2018-19 Research Brief Dissemination Series Flyer
Through social media and webinars, this 2018-19 series offered participants an opportunity to connect with and learn from scholars and practitioners dedicated to examining issues that affect undocumented and DACAmented students.

 

Nienhusser, along with discussant Isabel Martinez from John Jay College of Criminal Justice, City University of New York, led a conversation about the impact of different federal and state policies on undocu/DACAmented students, as well as how these policies are implemented at the institutional level by administrators at colleges and universities. During the chat, Martinez discussed the initial “lack of awareness and knowledge about undoc/DACA students on campus” at her institution and shared some of the ways she and her colleagues have worked to change the campus culture.
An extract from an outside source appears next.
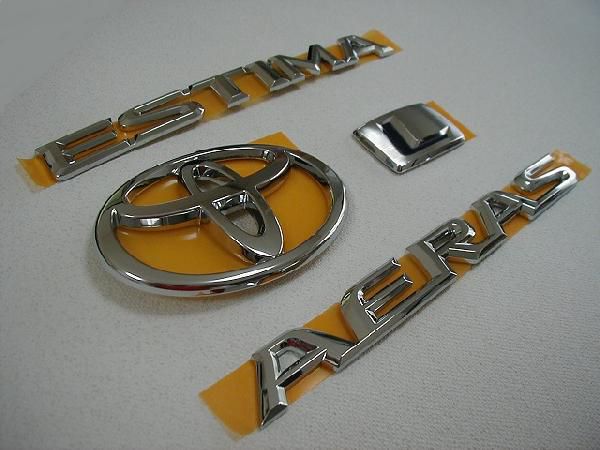 トヨタ純正　シルバーエンブレム ［リヤ・4点セット］　エスティマ 30系の通販は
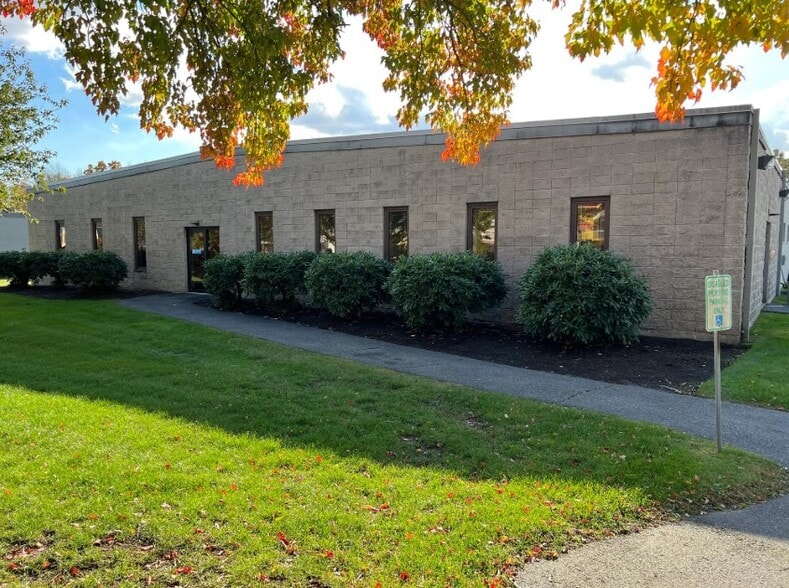 310 South St, Plainville, MA for lease - Building Photo - Image 2 of 13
Hosting a Twitter chat on the topic, Nienhusser says, “was a different way to infuse valuable information into educational professionals’ understanding of issues that affect the [undoc/DACAmented] community.”

The second Twitter chat, which took place this past February, was hosted by Genevieve Negrón-Gonzales from the University of San Francisco and fellow discussants Leisette Rodriguez from California State University, Dominguez Hills, and Carolina Valdivia, a doctoral candidate at Harvard University. The chat, which unpacked Negrón-Gonzales’ brief titled “Deportation as an Educational Policy Issue: How We Can Fight Back and Why We Must,” dissected how deportation affects students and their families, and what can be and is being done on the individual and systemic levels to support and protect undocu/DACAmented students from unjust separation, detention, and deportation.
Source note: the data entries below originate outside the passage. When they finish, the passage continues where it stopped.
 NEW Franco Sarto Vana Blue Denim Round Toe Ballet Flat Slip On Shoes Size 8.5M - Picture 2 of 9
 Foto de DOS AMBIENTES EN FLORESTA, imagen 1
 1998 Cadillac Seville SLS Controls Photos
The series’ two webinars, which together hosted well over 100 participants, kicked off in October 2018 with Susana M. Muñoz from Colorado State University exploring her research brief, “The ‘Trump Effect’ and Undocumented and DACA Community College Students.” The webinar focused on the experiences of undocu/DACAmented community college students in the era of the Trump administration’s anti-immigrant policies and highlighted issues such as heightened white supremacy and uncertain academic trajectories, as well as how to create supportive spaces at community colleges.

The final event in the series, a March 2019 webinar, was facilitated by Lindsay Pérez Huber from Colorado State University, Long Beach, who discussed her brief “Moving Beyond Ethicality: Humanizing Research Methodologies with Immigrant and Undocumented Communities.” This webinar focused on the heightened responsibility that researchers have when working with historically marginalized populations such as the undocu/DACAmented community, and how to uphold and promote humanizing methods instead of those which could be destructive or exploitative.
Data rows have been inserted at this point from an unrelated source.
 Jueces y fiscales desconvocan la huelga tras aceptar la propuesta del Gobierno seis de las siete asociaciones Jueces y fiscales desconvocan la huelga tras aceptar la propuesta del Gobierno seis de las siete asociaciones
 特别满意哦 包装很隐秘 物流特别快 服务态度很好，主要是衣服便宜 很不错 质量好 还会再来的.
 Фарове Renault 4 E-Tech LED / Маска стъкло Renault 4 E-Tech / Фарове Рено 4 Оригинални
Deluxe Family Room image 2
“Both the webinars and Twitter chats provided practitioners and researchers an opportunity to ‘talk back’ to the research briefs as they provided strategies for implications and applications for undocumented and DACA college students,” says Muñoz. “It was great to see nationwide engagement among hundreds of people who are invested in making higher education and research more humane for this population.”

‘Shedding Light on Education Policy’
“The series did a terrific job of shedding light on education policy in the current climate, as it relates to such timely issues as immigration, deportation, and the experience of undocumented students in the higher education space,” says Neag School Dean Gladis Kersaint. “In particular, we were delighted to see web conferencing and social media serving as effective channels in engaging practitioners and students from far and wide in this meaningful, ongoing discussion. Our thanks go to each of the Neag School’s co-sponsors and participants for making this thoughtful academic series come together over the past year.”

“The Association for the Study of Higher Education is proud to have supported this series and the ongoing dissemination of these research briefs,” adds Kristen Renn, ASHE executive director. “The briefs and series illustrate ASHE’s commitment to bringing our members’ expertise to bear on critical social issues and to amplifying the impact of higher education researchers. We are proud of the work of the Commission and of the leadership provided by Drs. Nienhusser and Muñoz to this exemplary effort.”